Товарищ Троцкий стоял на той точке зрения, что обе революции хотя и не совпадают, но связываются между собою так, что мы имеем перед собою перманентную революцию. Войдя в революционный период через буржуазный политический переворот, русская часть человечества, а рядом с нею и мир уже не сможет выйти из этого периода до завершения социальной революции. Нельзя отрицать, что, формулируя эти взгляды, товарищ Троцкий выказал большую проницательность, хотя и ошибся на пятнадцать лет. Между прочим, я должен сказать, что в одной передовой статье в "Новой жизни" я тоже высказался в смысле возможности захвата власти пролетариатом и сохранения тем не менее под его руководством быстро врастающего в социализм капитализма. Я тогда рисовал картину чрезвычайно близкую к нынешнему нэпу, но получил нагоняй от Л.Б. Красина, который нашёл статью неосторожной и немарксистской.
Большевики, товарищ Ленин в первую голову, действительно были осторожны, отнюдь не говорили, что начали социальную и пролетарскую революцию, но они считали, что революцию эту надо продвинуть как можно дальше, не занимаясь теоретическими гаданиями и предсказаниями, которые вообще не в духе Владимира Ильича. Практически большевики уверенно шли по правильной дороге. Для устройства плебейской революции, революции по типу Великой французской, с возможностью продвижения дальше 93-го года, - союз с буржуазией никуда не годился, поэтому наша тактика была разрыв с буржуазией. Но мы отнюдь не хотели изолировать пролетариат. Мы указывали ему на огромную задачу - организацию вокруг него крестьянства, в первую очередь крестьянской бедноты. Плеханов этого понять не мог. Обращаясь к Ленину, он говорил ему: "В новизне твоей мне старина слышится!" Какая старина? Эсеровская. Плеханову казалось, что сближение наше с крестьянством заставит нас пойти вместе с эсерами и потерять нашу типичную пролетарскую физиономию.
Не нужно с совершенным легкомыслием относиться к этому непониманию Плеханова, с легкомыслием, которое сводило бы это к узости и заскорузлости плехановской сверхортодоксальности. Разве в нашу великую революцию мы не вынуждены были одно время включить в правительство эсеров, хотя бы то и левых, разве это было вполне безопасно? Разве мы не радуемся сейчас, что своей мальчишеской политикой левые эсеры произвели сами отсечение от правительства? Эти опасения на счёт омужичения Советской власти, которым предаются иногда товарищи Шляпников, Коллонтай и другие, неосновательны, но почва, их питающая, каждому ясна. Сейчас даже нельзя с полной уверенностью сказать, как пройдёт равнодействующая рабоче-крестьянского правительства, хотя всё говорит за правильность предсказания товарища Ленина на партийном съезде, что огромный груз крестьянства, который мы после смычки вынуждены будем нести за собою, замедлит наше движение, но, "тяжкой твёрдостью своею его стремление крепя", не заставит его уклониться от прямого направления на коммунизм. (Имеется в виду Х съезд РКП(б), состоявшийся в Москве 8-16 марта 1921 г., который принял решение о переходе к новой экономической политике, о замене развёрстки натуральным налогом).
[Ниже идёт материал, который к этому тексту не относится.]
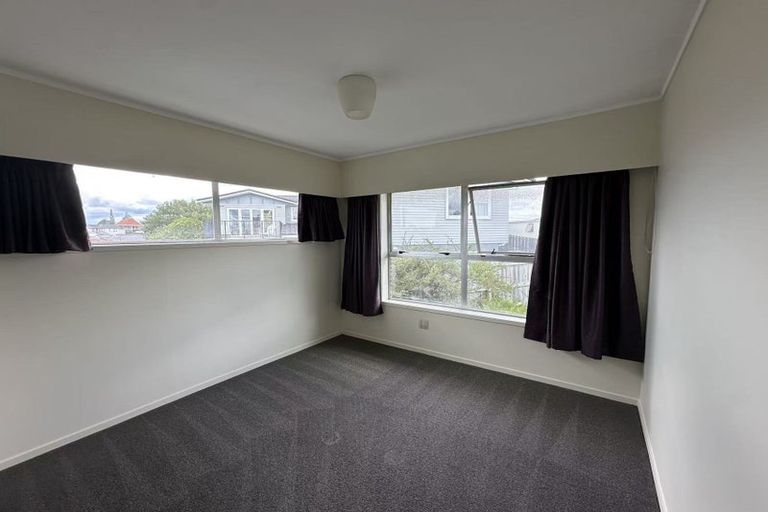 Photo of property in 10 Bendale Place, Papatoetoe, Auckland, 2025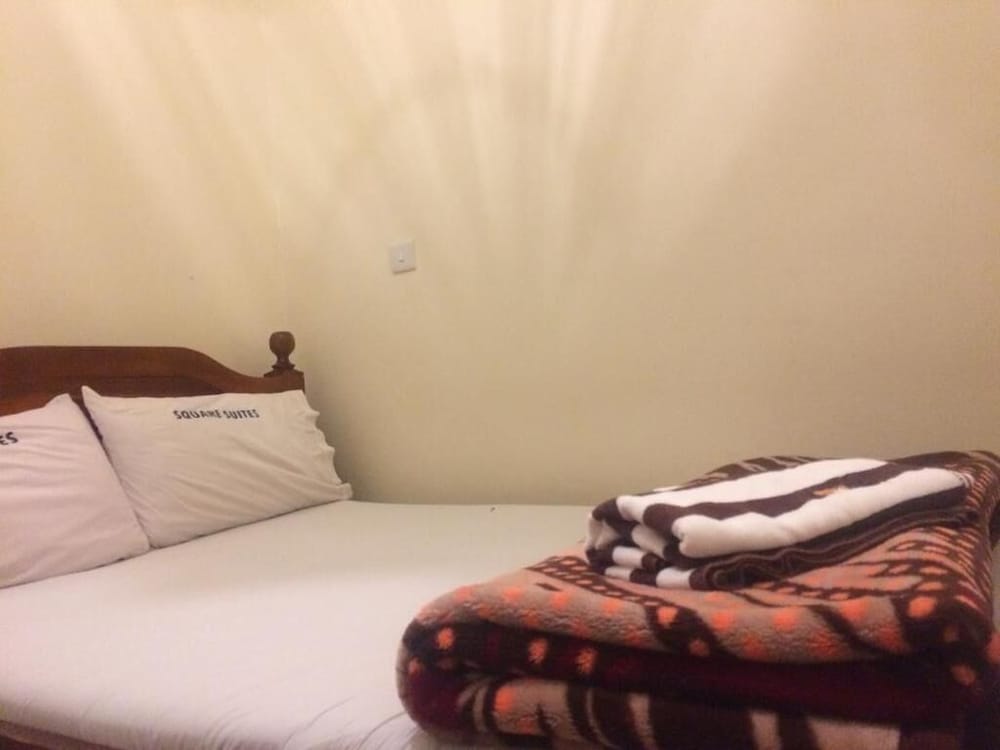 Square Suites view 4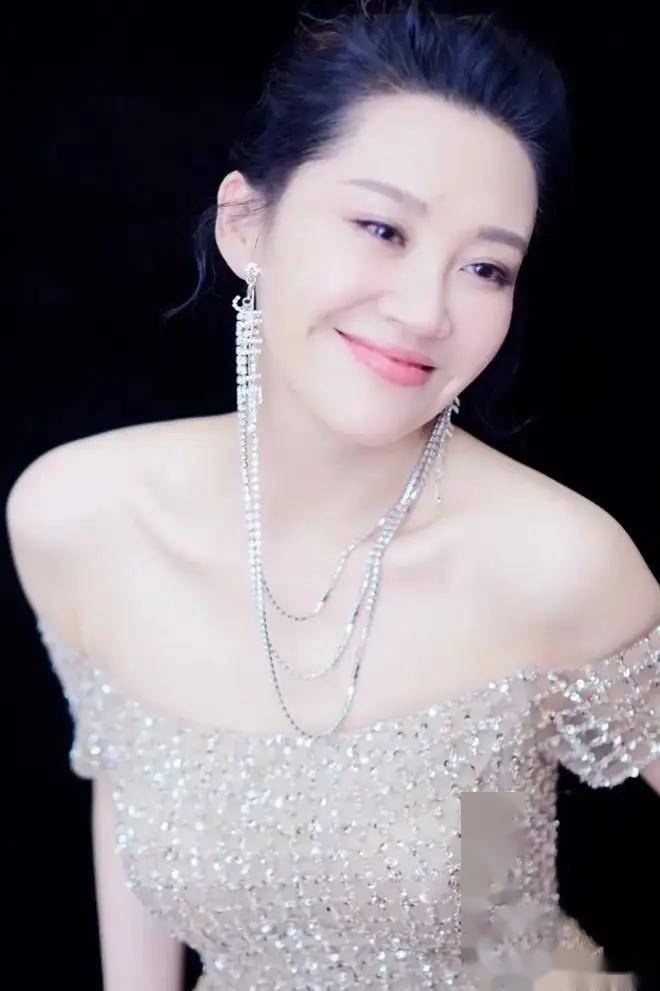 许晴才是真正的性感女神!这饱满有料的写真让人无法抗拒!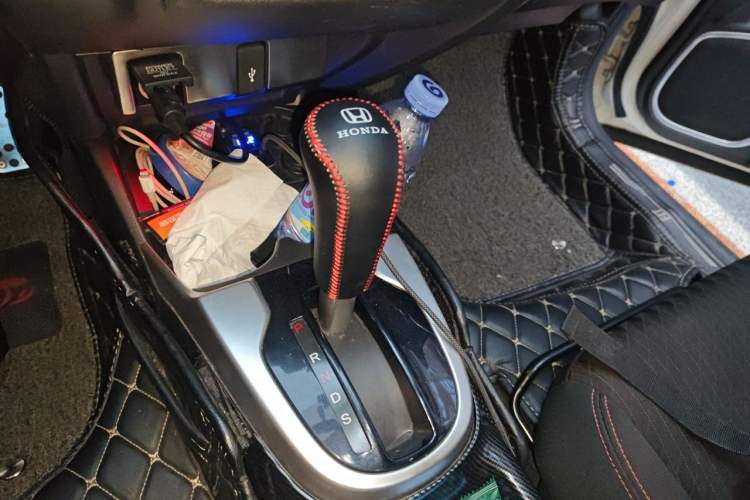 Used Honda Fit 2018 1.5L CVT Trendy Run+ Edition Gear Lever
Но всё это выяснилось позднее. В то время было ясно одно: рабоче-крестьянская революция есть пролетарская революция, буржуазно-рабочая революция есть измена рабочему классу.
Для нас это было ясно, но не для Плеханова...
Опять прошло несколько лет, и мы встретились на Копенгагенском международном конгрессе (1910 г.), уже после того, как надежды на первую русскую революцию были потеряны...
Здесь произошло то же самое. Плеханов стоял за строжайшее разграничение партии от кооперативов, главным образом боясь прилипчивости лавочного кооперативного духа...
Зато у нас установились почему-то очень хорошие взаимные личные отношения. Он несколько раз приглашал меня к себе; мы оба вместе уезжали с заседаний домой, и он с удовольствием делился со мною впечатлениями, я сказал бы, главным образом, беллетристического характера, о конференции. Плеханов к этому времени уж очень постарел и был болен, болен весьма серьёзно, так что мы все за него боялись. Это не мешало тому, чтобы он был по-прежнему блестяще остёр, давал чудесные характеристики направо и налево, причём заметно было и сильное пристрастие. Любил он, главным образом, старую гвардию... Заговаривал я с ним и о Ленине. Но тут Плеханов отмалчивался, и на мои восторги отвечал не то чтобы уклончиво, скорей даже сочувственно, но неопределённо...
После Копенгагенского съезда мне пришлось делать доклад о нём в Женеве, и при этом Плеханов был моим оппонентом. Ещё несколько раз устраивались дискуссии, иногда философского характера, и на них мы с Плехановым встречались. Я ужасно любил дискутировать с Плехановым, признавая всю огромную трудность таких дискуссий...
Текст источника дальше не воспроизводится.